* **Data to process**:
• • • • • • •

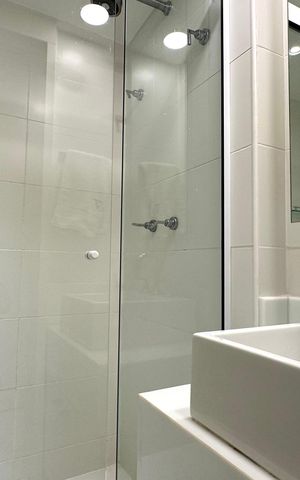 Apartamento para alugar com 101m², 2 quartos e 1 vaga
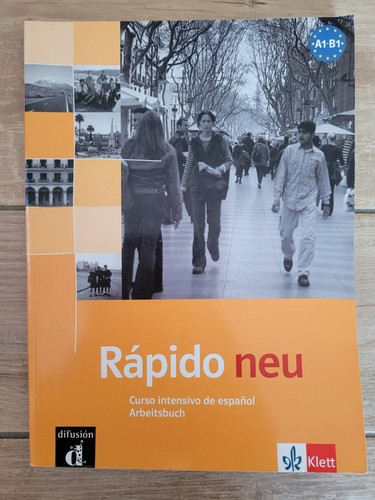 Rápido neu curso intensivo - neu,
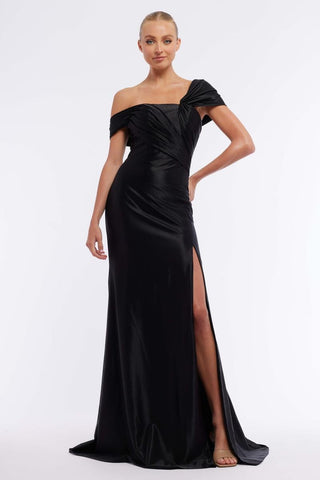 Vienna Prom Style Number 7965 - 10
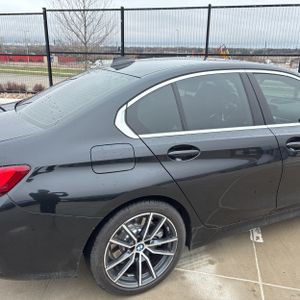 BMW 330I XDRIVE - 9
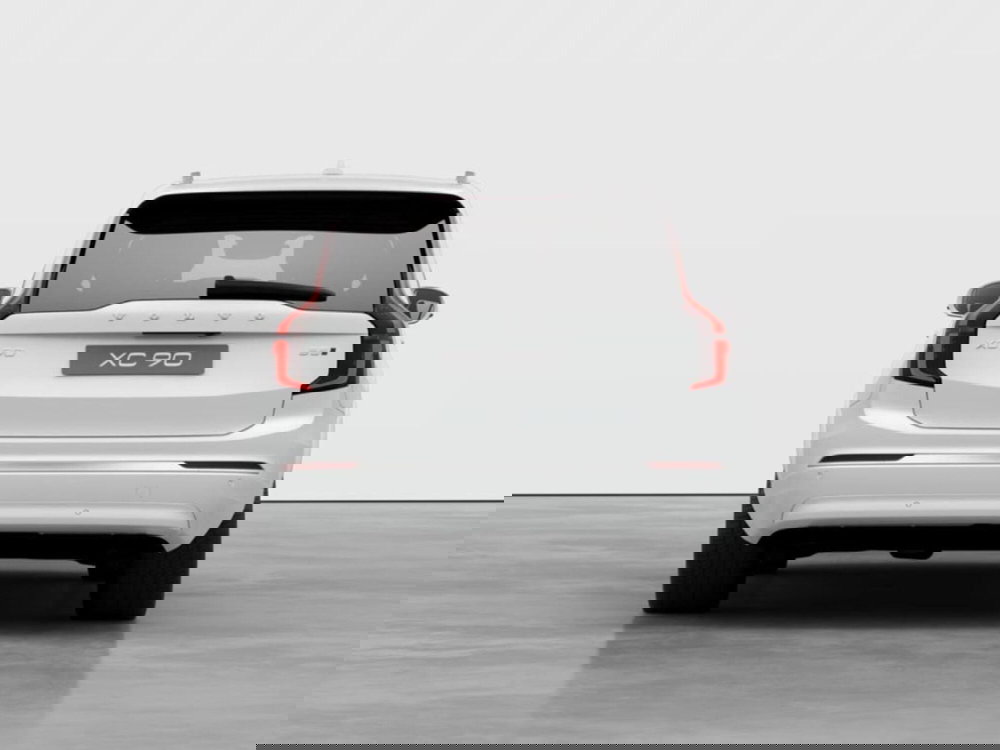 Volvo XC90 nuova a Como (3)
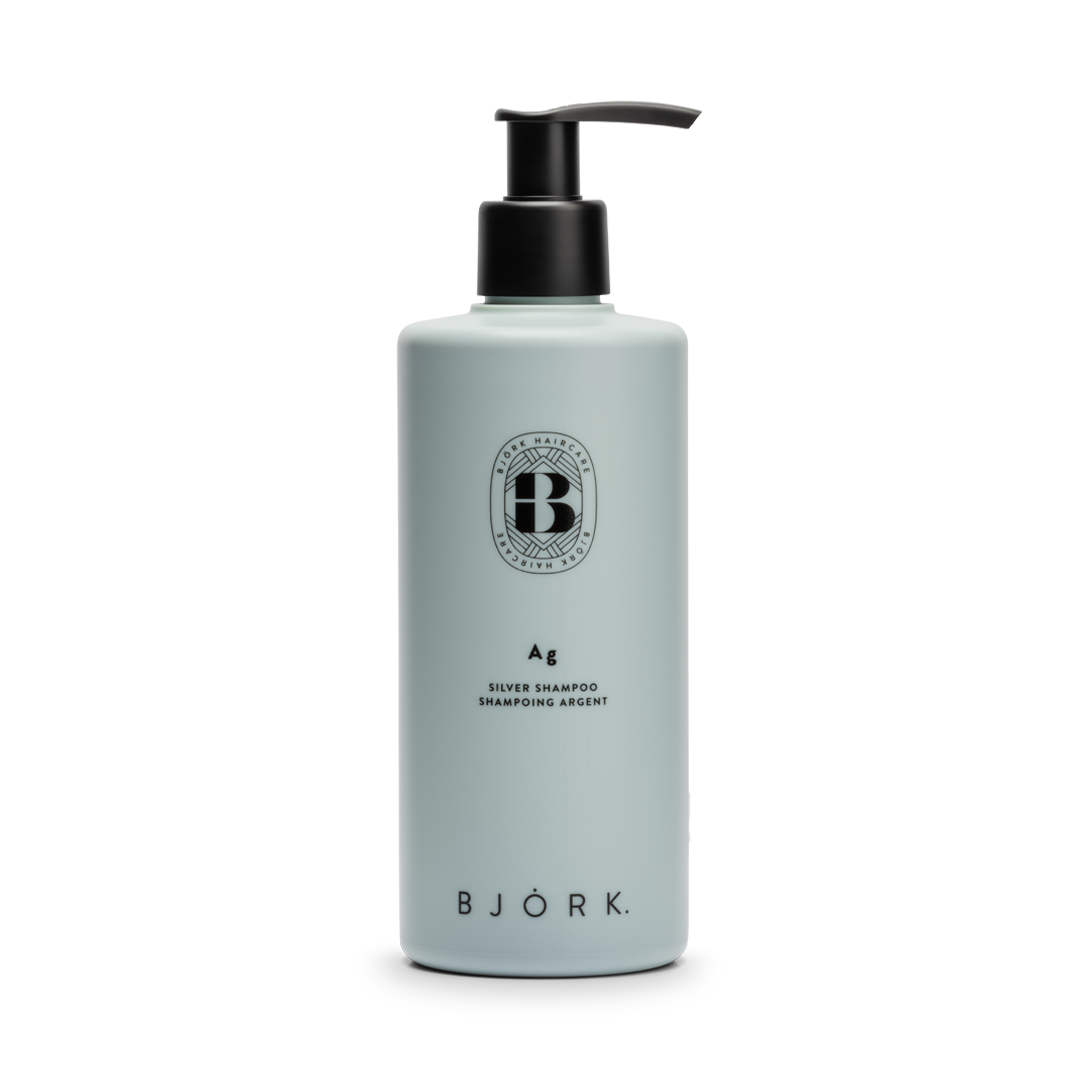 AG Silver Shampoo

• • • • • • •

Every record is to be reproduced exactly, with no pictures included.

* **Answer to this exercise**:
 Apartamento para alugar com 101m², 2 quartos e 1 vaga
 Rápido neu curso intensivo - neu,
 Vienna Prom Style Number 7965 - 10
 BMW 330I XDRIVE - 9
 Volvo XC90 nuova a Como (3)
 AG Silver Shampoo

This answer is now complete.